Il en est à peu près de même des harangues. Si les héros qu'on fait parler ne les ont pas prononcées, l'histoire alors est romanesque en ce point. Il n'y a que deux discours directs dans toute. l'histoire du Siècle de Louis XIV'. Ils furent tous deux prononcés en effet, l'un par le maréchal de Vauban au siége de Valenciennes, l'autre par le duc d'Orléans avant la bataille de Turin. On n'examine point ici les raisons qu'ont eues quelques anciens de prendre une plus grande liberté; mais on croit que dans un siècle aussi philosophe que le nôtre, et au milieu de tant de nations éclairées, l'on doit au public ce respect de ne dire que l'exacte vérité, de faire toujours disparaître l'auteur pour ne laisser voir que le héros, et de ne mettre jamais son imagination à la place des réalités. Le goût du siècle présent est de montrer de l'esprit à quelque prix que ce puisse être.
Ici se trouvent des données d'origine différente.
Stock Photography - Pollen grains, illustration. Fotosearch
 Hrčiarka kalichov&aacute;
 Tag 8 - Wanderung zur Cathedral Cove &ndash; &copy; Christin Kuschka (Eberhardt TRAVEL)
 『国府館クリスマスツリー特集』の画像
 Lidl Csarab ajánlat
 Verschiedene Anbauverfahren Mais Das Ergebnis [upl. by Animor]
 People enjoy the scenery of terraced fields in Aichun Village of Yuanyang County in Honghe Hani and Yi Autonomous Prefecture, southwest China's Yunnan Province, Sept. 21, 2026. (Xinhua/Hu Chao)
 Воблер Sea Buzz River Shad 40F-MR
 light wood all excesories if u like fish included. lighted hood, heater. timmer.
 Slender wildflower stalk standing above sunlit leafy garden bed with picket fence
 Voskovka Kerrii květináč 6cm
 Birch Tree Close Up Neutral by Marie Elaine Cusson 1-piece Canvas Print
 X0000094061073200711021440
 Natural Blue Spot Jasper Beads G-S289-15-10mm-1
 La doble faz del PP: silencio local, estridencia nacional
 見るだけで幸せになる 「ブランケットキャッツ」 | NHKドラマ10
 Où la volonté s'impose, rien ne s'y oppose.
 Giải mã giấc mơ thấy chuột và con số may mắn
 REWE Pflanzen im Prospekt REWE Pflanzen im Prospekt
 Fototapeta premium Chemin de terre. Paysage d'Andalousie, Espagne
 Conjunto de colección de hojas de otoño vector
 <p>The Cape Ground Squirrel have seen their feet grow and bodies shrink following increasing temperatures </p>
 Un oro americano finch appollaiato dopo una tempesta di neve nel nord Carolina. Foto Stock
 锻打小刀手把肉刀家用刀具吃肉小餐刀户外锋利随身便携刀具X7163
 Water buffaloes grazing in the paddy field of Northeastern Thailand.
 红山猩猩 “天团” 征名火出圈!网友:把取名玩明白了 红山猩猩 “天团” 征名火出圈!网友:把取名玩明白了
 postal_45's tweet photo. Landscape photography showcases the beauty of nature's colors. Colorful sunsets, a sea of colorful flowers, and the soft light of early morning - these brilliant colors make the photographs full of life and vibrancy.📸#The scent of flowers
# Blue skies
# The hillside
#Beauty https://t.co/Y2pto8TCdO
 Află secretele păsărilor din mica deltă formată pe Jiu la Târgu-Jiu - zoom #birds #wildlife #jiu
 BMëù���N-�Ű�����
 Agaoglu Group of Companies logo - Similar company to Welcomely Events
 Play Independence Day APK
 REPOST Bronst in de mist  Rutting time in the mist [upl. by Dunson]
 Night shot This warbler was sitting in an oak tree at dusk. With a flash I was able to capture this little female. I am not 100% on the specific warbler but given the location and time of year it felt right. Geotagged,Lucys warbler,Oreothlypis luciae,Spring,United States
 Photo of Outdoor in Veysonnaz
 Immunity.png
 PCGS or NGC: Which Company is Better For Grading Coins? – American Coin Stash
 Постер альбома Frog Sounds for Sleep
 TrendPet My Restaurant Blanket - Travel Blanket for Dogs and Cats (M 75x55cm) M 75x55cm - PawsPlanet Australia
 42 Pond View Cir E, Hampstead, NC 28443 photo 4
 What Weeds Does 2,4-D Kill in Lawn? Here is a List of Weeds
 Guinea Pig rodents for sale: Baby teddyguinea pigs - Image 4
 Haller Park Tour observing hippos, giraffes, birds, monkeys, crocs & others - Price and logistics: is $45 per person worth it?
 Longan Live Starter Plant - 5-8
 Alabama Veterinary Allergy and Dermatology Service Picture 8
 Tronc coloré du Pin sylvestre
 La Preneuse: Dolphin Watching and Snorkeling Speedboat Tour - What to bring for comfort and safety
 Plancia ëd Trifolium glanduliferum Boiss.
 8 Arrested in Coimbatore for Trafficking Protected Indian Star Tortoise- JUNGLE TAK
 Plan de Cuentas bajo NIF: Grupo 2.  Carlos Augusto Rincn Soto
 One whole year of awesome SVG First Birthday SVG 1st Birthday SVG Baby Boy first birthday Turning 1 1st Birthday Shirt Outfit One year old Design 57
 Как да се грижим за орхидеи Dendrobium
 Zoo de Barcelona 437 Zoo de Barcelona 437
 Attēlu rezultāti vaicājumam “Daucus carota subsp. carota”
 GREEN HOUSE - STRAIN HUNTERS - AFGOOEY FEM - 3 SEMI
On préfère une épigramme à tout, et c'est en partie ce qui a fait tout dégénérer.

Après cette digression, on est malheureusement obligé de revenir à un objet bien dégoûtant pour le public, à La Beaumelle. On sait bien qu'il ne peut s'agir avec lui ni de discussion littéraire, ni d'éclaircissements historiques. C'est un homme qui dit en deux mots, au bas des pages, ou des absurdités, ou des mensonges, ou des injures.

Que ne s'en est-il tenu à outrager l'auteur du Siècle! Mais la même fureur insensée qui lui a dicté son libelle du Qu'en dira-t-on l'a porté encore, dans ses remarques sur le siècle passé, à oser attaquer les puissances du siècle où nous sommes. Enhardi qu'il est par une impunité qui ne doit pas durer, mais qui l'aveugle, il insulte le roi de Prusse, toute la maison d'Orléans, et le roi de France.

Les lecteurs judicieux, et qui ont de l'humanité, ne seront pas

1. Voyez tome XIV, pages 276 et 375.